Prior to setting a cap on the amount of bandwidth a high-volume customer could use before having service terminated, Comcast instead cut off a set number of users regardless of how much bandwidth they used, according to documents released by Florida Attorney General Bill McCollum.
Comcast announced at the end of August that it would impose the 250 GB usage cap on subscribers that had been hinted at for weeks. The cap, which takes effect Oct. 1, appears to cover uploaded material and downloads, given that Comcast’s example included the number of digital photos that could be uploaded.
In announcing the cap on its Web site, Comcast said: “We've listened to feedback from our customers who asked that we provide a specific threshold for data usage and this would help them understand the amount of usage that would qualify as excessive.” Comcast made its announcement on Aug. 28, and the stories about the cap appeared that day and for the next couple of days following.
What Comcast didn’t mention, however, was that it had reached a settlement with McCollum’s Economic Crimes Bureau to pay $150,000 to the state to resolve “concerns over disclosure issues related to bandwidth use policies,” according to an Aug. 29 news release issued by the McCollum’s office. The settlement was the result of a state investigation of Comcast’s Acceptable Use Policy (AUP) in which Comcast “allegedly did not inform consumers of a specific bandwidth limit” for customers to be notified of “excessive use, which could lead to a customer being kicked off the service.
The actual settlement document shows that instead of cutting off heavy users of the service according to a specific amount of bandwidth used, Comcast instead cut off the top 1,000 users out of Comcast's 14.4 million customer base (about .007 percent of subscribers), regardless of how much they used.
According to the settlement, “Pursuant to the AUP, as currently applied, each month the top 1,000 bandwidth users out of Comcast’s entire customer base of approximately 14.4 million subscribers (i.e., approximately .007% of subscribers) receive a direct, personal notification from Comcast by telephone that they are violating Comcast’s Acceptable Use Policy, because of their excessive use of bandwidth.”
When consumers asked Comcast to specify a cap on usage, “Comcast did not provide consumers with a specific bandwidth usage limit, stating that the consumers’ service would be at risk if they remained among the top 1,000 bandwidth users and directing them to the AUP and frequently asked questions explaining the AUP’s excessive use policy,” according to the settlement document.
That wasn’t good enough, as the Attorney General said that “a ‘top 1,000’ criteria, as previously applied, did not clearly and conspicuously disclose to the consumer the specific amount of bandwidth deemed to be excessive under Comcast’s subscriber agreements.”
The agreement gave Comcast the right to set the limit for “excessive bandwidth usage” by the beginning of 2009 and to spell out more clearly the terms under which customers could have their service terminated.

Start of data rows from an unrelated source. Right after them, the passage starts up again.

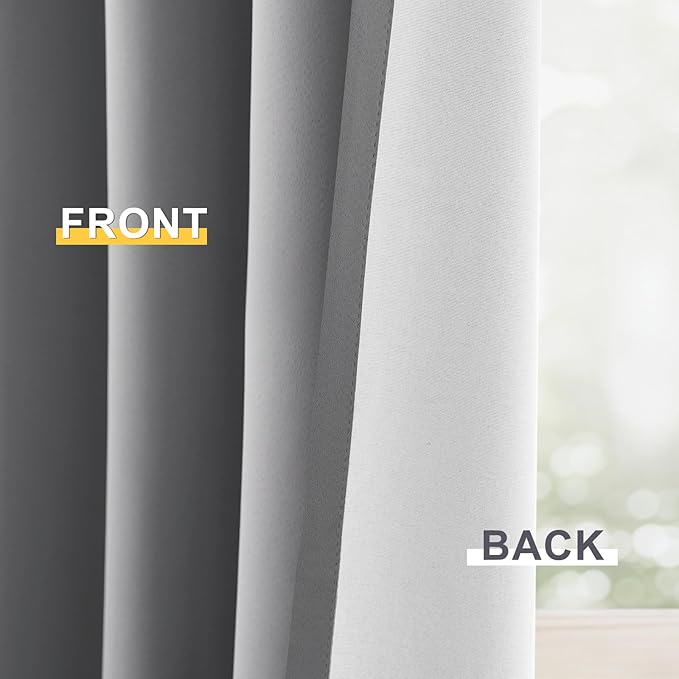 Yakamok 100% Blackout Curtain Panels 63 inches Cold and Light Blocking Drapes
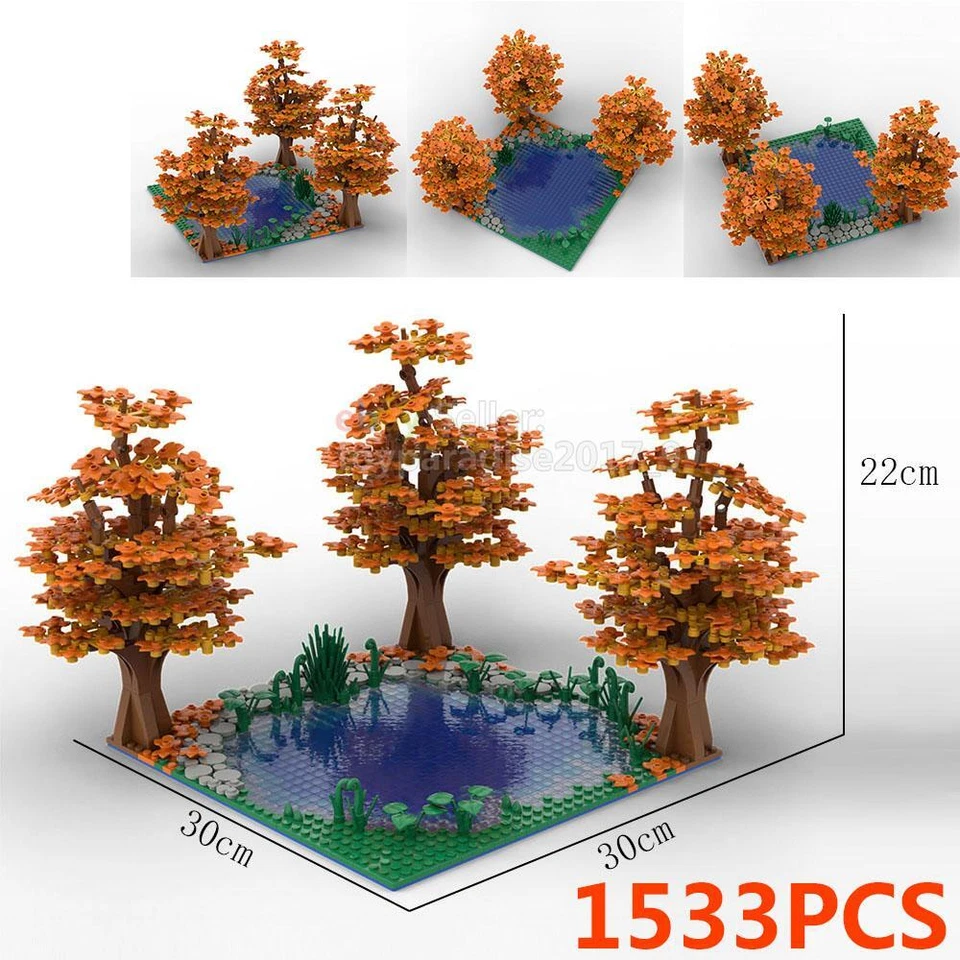 MOC Building Block Brick Baseplate Maple Lake City Street Castle Set Fit 98283 - Image 4 of 4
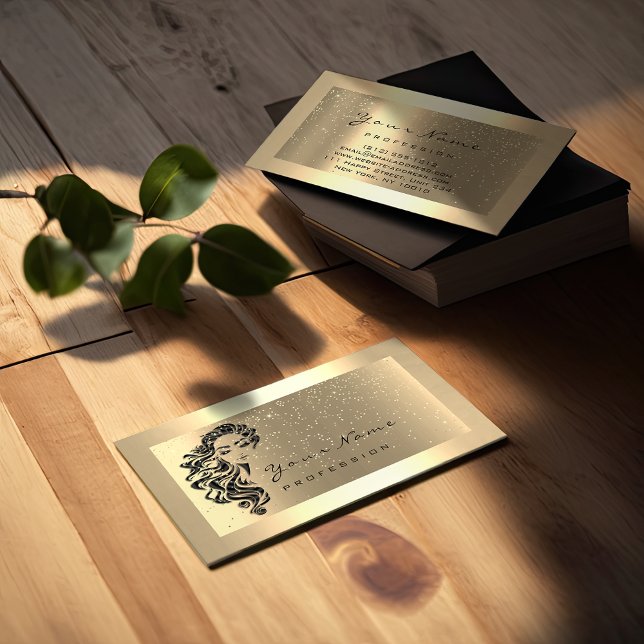 Carte De Visite Eyelash Extension Maquillage Artiste Cheveux Gold  (Eyelash Extension Makeup Artist Hair GoldConfetti Business Card)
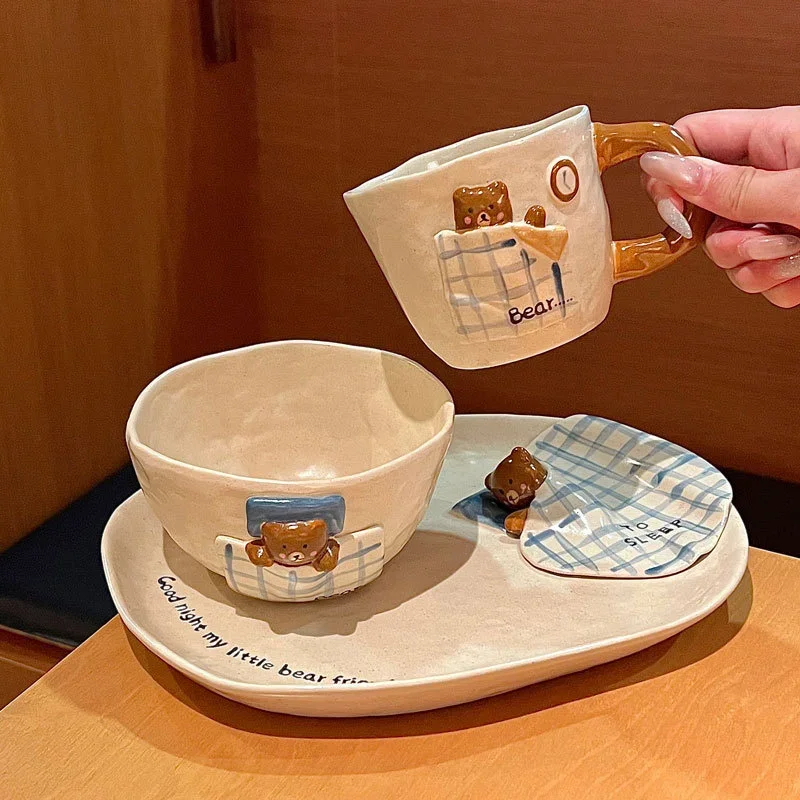 3D Embossed Bear Ceramic Bowl Plate Mug Set, Kids Dinnerware, Creative Quilt Bear Tableware For Holiday Wedding Souvenir Gift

The agreement also required that Comcast not use the term “unlimited” to advertise its high-speed Internet service as long as Comcast reserves the right to terminate user service for using too much bandwidth and without a “clear and conspicuous disclosure in close proximity to the term ‘unlimited’ of any applicable qualifications” of the use of the word.
Nothing in the agreement document indicates how much bandwidth the top 1,000 customers actually used, which could be a gauge to determine how appropriate the new 250 GB cap is.
According to one posting on DSL Reports, customers with 400 GB of usage were cut off. If that is within the ball park, the 250 GB cap might be seen as lower than necessary for Comcast's network management while being seen as an inhibiting factor for customers.